Molecular dynamics simulation study on orientation effects on the shock-induced spallation of single-crystal aluminum

Under shock loading, the evolution of spall damage in single crystals exhibits significant orientation effects due to variations in crystal orientation and plastic deformation modes. However, the influence of loading strength on the orientation dependence of spall damage has been largely overlooked. Shock-induced spallation behaviors of single-crystal aluminum (Al) were simulated in eight crystal orientations using molecular dynamics (MD) simulations across a range of loading velocities from 0.5 to 2.1 km/s. Mechanical responses during the process of impact loading were analyzed, including shock wave propagation and microstructural evolution. It was found that spall strength, and plasticity mechanisms exhibit a combined influence of crystal orientation and loading velocity. In the [001] crystal orientation, the single-crystal Al showed the highest spall strength values (8.588-10.137 GPa) across the entire range of loading velocities, with no obvious elastic-plastic double-wave separation observed, while salient features of elastic-plastic waves separation at loading velocities above a critical value are found in the remaining orientation. Notably, the elastic-plastic waves separation phenomenon in the [111] crystal orientation showed significant hysteresis, accompanied by the largest decrease in spall strength (1.733 GPa) and a marked overshoot at the leading edge of the stress wave (Vp = 1.4 km/s).

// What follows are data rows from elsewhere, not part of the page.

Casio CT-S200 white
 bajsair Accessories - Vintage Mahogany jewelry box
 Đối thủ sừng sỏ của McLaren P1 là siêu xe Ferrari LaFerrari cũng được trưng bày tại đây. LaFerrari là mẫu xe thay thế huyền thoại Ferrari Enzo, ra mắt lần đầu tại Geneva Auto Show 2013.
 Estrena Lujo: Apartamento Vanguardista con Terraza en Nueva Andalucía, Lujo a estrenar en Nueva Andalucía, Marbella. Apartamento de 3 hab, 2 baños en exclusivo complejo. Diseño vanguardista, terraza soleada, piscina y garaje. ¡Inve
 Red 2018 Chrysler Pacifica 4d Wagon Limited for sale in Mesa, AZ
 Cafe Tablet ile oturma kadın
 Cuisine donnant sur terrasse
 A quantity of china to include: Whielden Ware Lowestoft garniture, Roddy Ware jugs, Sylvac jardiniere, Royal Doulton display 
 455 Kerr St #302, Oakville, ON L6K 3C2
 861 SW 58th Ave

Plastic deformation in the [001] crystal orientation was dominated by stacking faults and lattice transformation. As the loading velocity increased, the spall mechanism transitioned from heterogeneous void nucleation induced by stacking fault intersections to homogeneous void nucleation driven by disordered structures. Disordered structures are more likely to form in crystal orientations such as [012] and [111]. At higher loading velocities (Vp >= 1.4 km/s), the spallation process exhibits a homogeneous void nucleation mechanism due to significant amorphization. This study provides new insights into the modeling of dynamic damage in metals.